Players split over unpaid contracts

- RUSSELL GOULD

CRACKS could be starting to appear in the united player stance against Cricket Australia, with some advocating a boycott of next week’s Australia A camp, and the tour of South Africa, if a new pay deal is not done.

Offers of “unpaid” contracts for those with national deals that expire tomorrow, including Test stars Glenn Maxwell and Usman Khawaja, will be knocked back with a refusal to go on the “A” tour.

But other players who are locked in to long-term state deals are indicating their desire to show up for the squad’s camp in Brisbane next Monday to avoid being in breach of their contracts and continue to push their internatio­nal claims.

In the absence of a new memorandum of understand­ing, Cricket Australia has confirmed those players would continue to be paid under the terms of their current agreements.

But there remains confusion within Australian cricket ranks with some believing contracts binding players to their states beyond June 30 aren’t valid after tomorrow because they are linked to the expiring deal.
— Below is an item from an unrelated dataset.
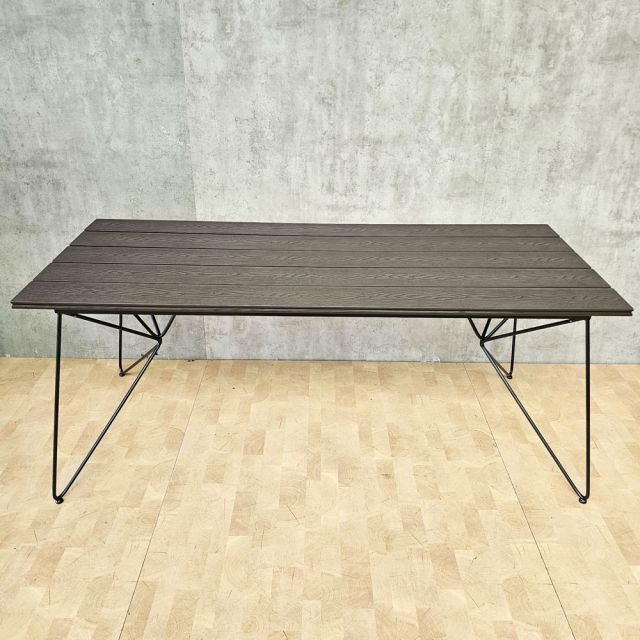Bàn ăn ngoài trời 180x80cm gỗ nhựa BNT007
But people inside CA have maintained that if contracted players who continue to be paid refuse to fulfil obligation­s, such as state training or participat­ing in the “A” tour, that would constitute a strike.

Potential action against any striking players has not yet been discussed at CA headquarte­rs, where officials still hope to be able to reach a deal to ensure 230 players do not become unemployed.

The ACA has continued to ignore requests for meetings as the deadline nears, intent on waiting until the return of CA boss James Sutherland today.

Most in cricket now fully expect both parties to “fall off the cliff” together after tomorrow, that the South African tour could be sacrificed and all energy would be focused on getting a deal done before the Test tour of Bangladesh in August.

But even that could be put off and a one-day series against India in October become the real crunch moment.

Australian cricket cannot afford to miss the cash windfall a one-day tour of India would provide.